はじめに

キープレーヤーはベトナム航空

満を持しての投資制規制の緩和を受けて注目されているのが、ベトナム航空の動向です。

同社に関しては、2016年に日本のANAホールディングスが8.8%の株式を取得し、現在ベトナム政府に次ぐ第2位の株主となっています。今回の投資規制の緩和を受けて、ANAホールディングスが持ち株比率の引き上げに動く可能性があるのではないか、と市場は注目しているのです。

ベトナム航空+ANA
ANAHDの出資拡大が噂されるベトナム航空の機体

政府は、5月のベトナム航空のホーチミン証券取引所への上場に際し、保有比率を現在の86%から段階的に51%まで引き下げる方針を示しました。ただし、今回の外国人投資家の出資比率の上限引き上げは小幅にとどまり、依然として国営企業の改革に対する政府の慎重な姿勢がうかがえます。

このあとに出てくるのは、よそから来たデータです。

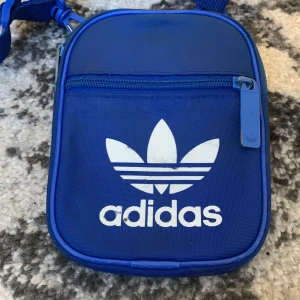 Adidas väska - Säljer min adidas väska använder den inte mer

今のところ、ベトナムの航空業界において、今回の規制緩和を受けた大きな動きはなさそうですが、ANAホールディングスによる持ち株比率の引き上げは、同社のアジア路線強化とベトナム航空の国際線強化という2つの側面を持つため、引き続き両社の動向が注目されます。

高速鉄道との競合関係はどうなる?

ベトナム鉄道公社によると、来年にも北部のハノイから南部のホーチミンまでの1,560キロメートルを結ぶ、南北高速鉄道の建設が着工する計画です。当初は時速350キロ、所要時間約5時間30分で両都市を結ぶ計画でしたが、採算度外視の計画に政府内でも異論が噴出。速度を時速200キロに落とす案が浮上するなど、計画は迷走しています。

ベトジェット航空
ベトジェット航空の機体

南北高速鉄道プロジェクトが打ち上げられた当初は、ドル箱路線のハノイ~ホーチミン間において、鉄道と航空の競争激化が懸念されました。しかし、日本の本州とほぼ同じ距離の移動でビジネスでの鉄道利用は考えにくく、仮に計画通りに開通したとしても、航空需要は底堅く推移するでしょう。

経済成長に伴って一段の成長が期待される一方、群雄割拠の様相も呈しつつあるベトナムの航空業界。国内外の官民の思惑が入り乱れる中、どの企業が勝ち残れるのかという点について、現時点では“視界良好”とはいかなさそうです。